Prep 20 mins
Cook 20 mins
A great easy breakfast dish. Great on toast, muffins and a makes a great breakfast especially served with bacon. Note-- Large tomatoes must be used or egg will spill out.
- Cut the tops from the tomatoes and scoop out the seeds. Drain tomato cases well, cut side down on absorbent paper.
- Place 1 teaspoon of cheese into each tomato case and sprinkle with parsley, salt and pepper.
- Break an egg, one at a time into a small bowl or small jug -- but be sure not to break yolk, slip one egg into each tomato case, place a knob of butter on top of each egg and bake at approx 350dg for 20 minutes or until egg has set to your preference.

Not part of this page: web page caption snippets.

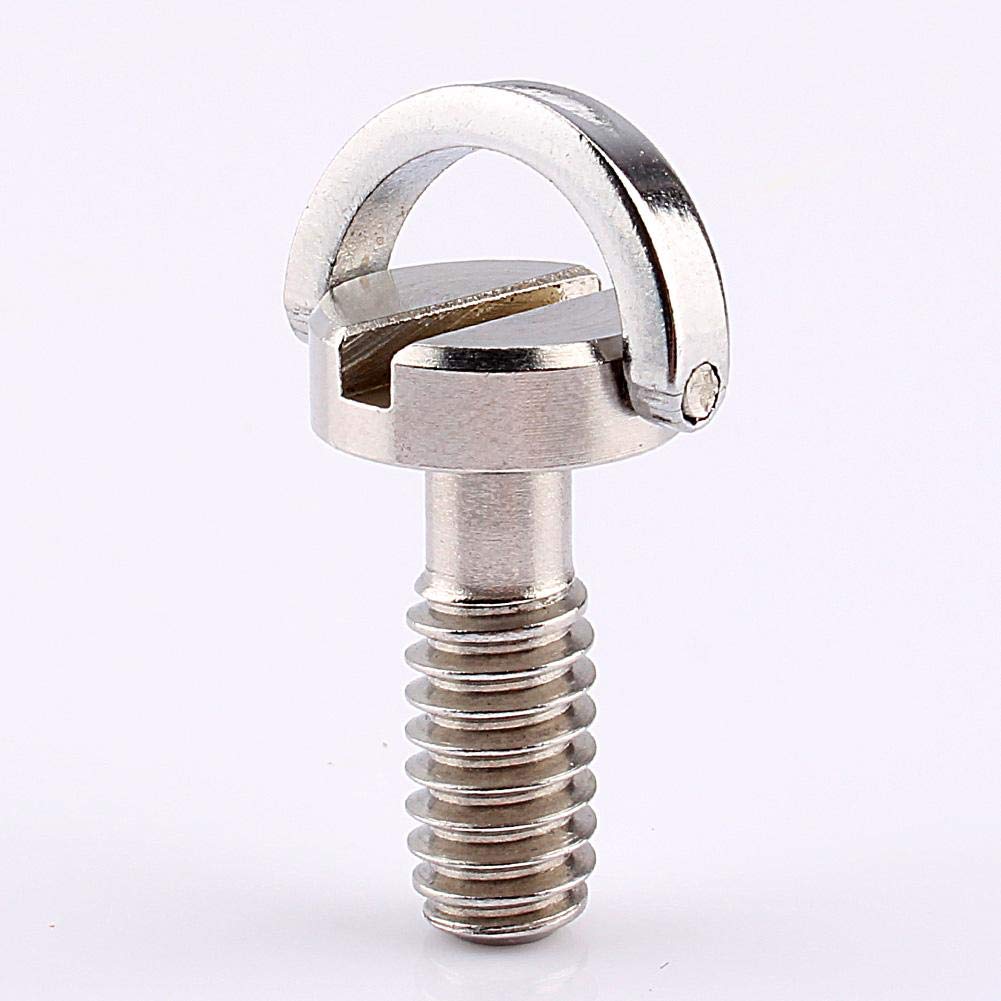 Tosuny 1/4" D‑Ring Screw, Stainless Steel D Shaft D-ring 1/4" Mounting Screw, for Camera Tripod Monopod Quick Release Plate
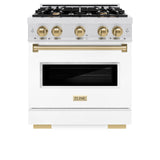 ZLINE Autograph Edition 30 in. 4.2 cu. ft. Classic Dual Fuel Range with 4 Burner Gas Cooktop and Electric Convection Oven in Satin Stainless Steel with White Matte Door and Champagne Bronze Accents (CDRSZ-WM-30-CB)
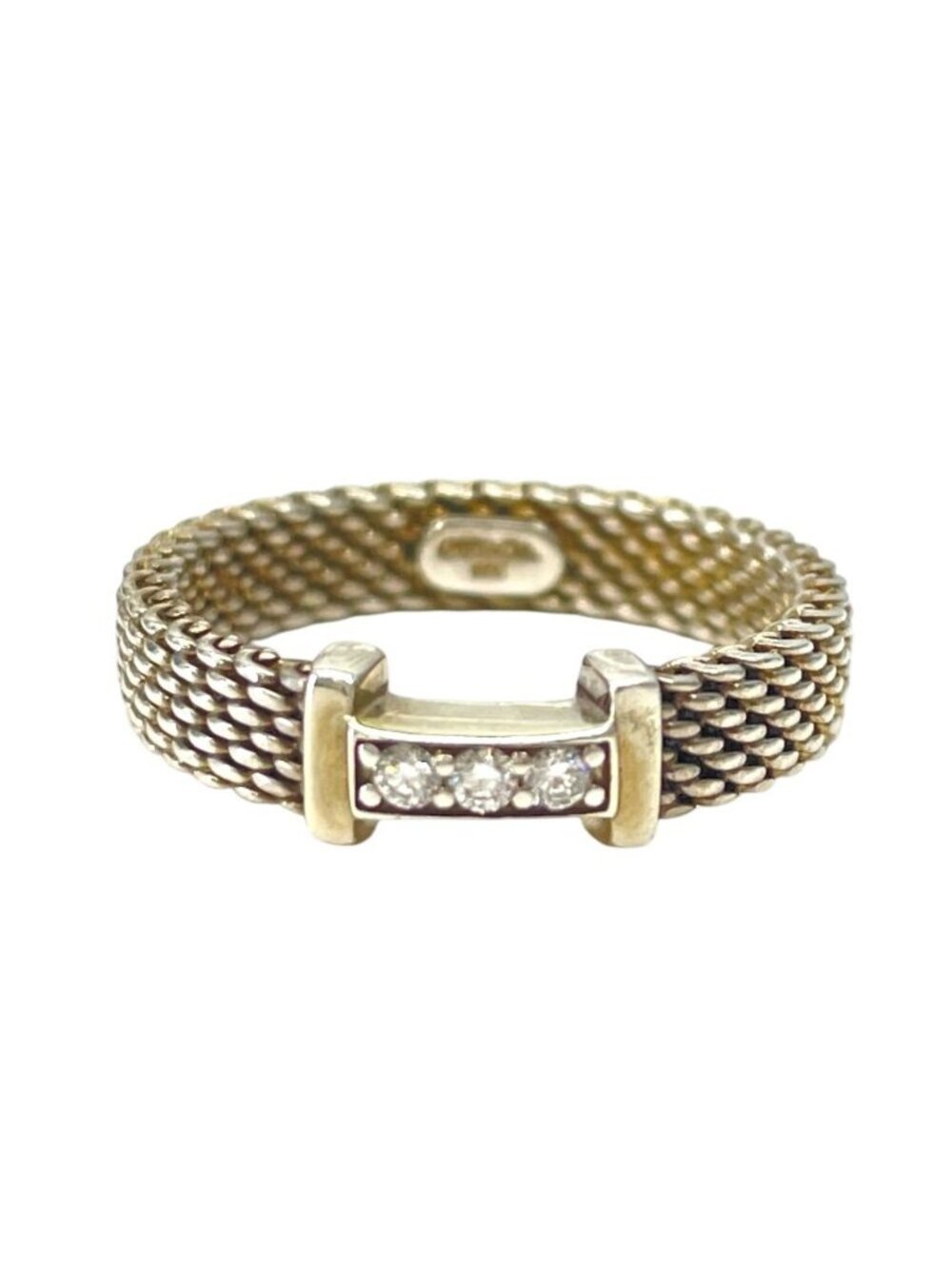 Tiffany & Co Somerset Mesh Ring Silver Diamond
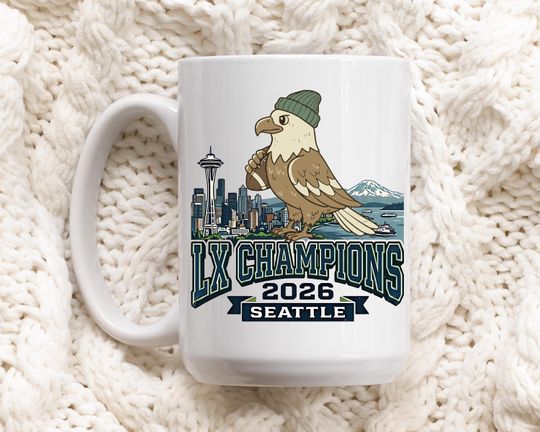Seattle Skyline Mascot Football Mug, Vintage Seattle Champions Mug, Sunday Football Merch, LX Fan Gift
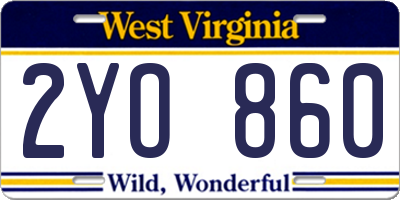 WV license plate 2YO860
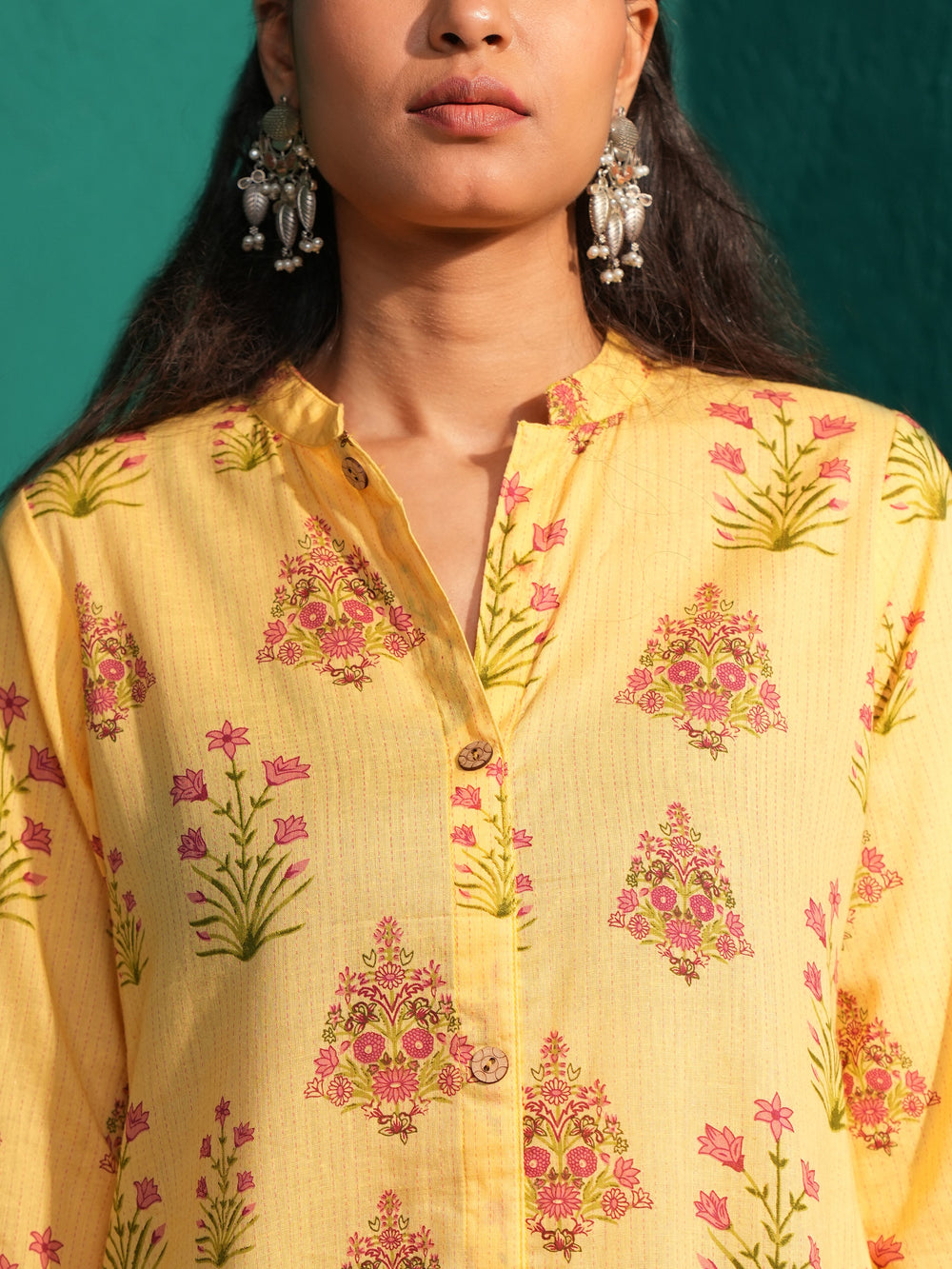 Women's Yellow Cotton Ethnic Print Long Kurta with Mandarin Collar.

- Remove from oven and serve sprinkled with extra parsley.
Wow, I really enjoyed this lovely breakfast treat. So simple and yet so delicious, quick and very easy to make and easy to vary. I used a blend of mozzarella and parmesan cheese, didn't have any parsley so I used cilantro. The tomato holds up beautifully in the oven. My egg was a little over done, but that was me and not the recipe. I can't wait to make this again. Thank you for sharing your recipe Tisme.
Great breakfast for the DM and I thank you. Scaled back for 1-2 serving and one with a slice of wholemeal/wholegrain buttered toast made a very satisfying breakfast. Baked at 160C fan forced for 20 minutes but the whites weren't just right so put in for another 3 minutes but the yolks set a little more than I would have liked but was perfect for the DM's tastes. thank you Tisme, made for Make My Recipe - Edition 11.
Wonderful! The flavors were great. I used sharp cheddar and omitted the salt. As Deb mentioned, I did find the need to cook longer than 20 minutes at 350. When I peeked in at 20, the egg was still clear and uncooked. Another 10 minutes or so had the white cooked through and a nice soft yolk, exactly how we like! Thanks for sharing!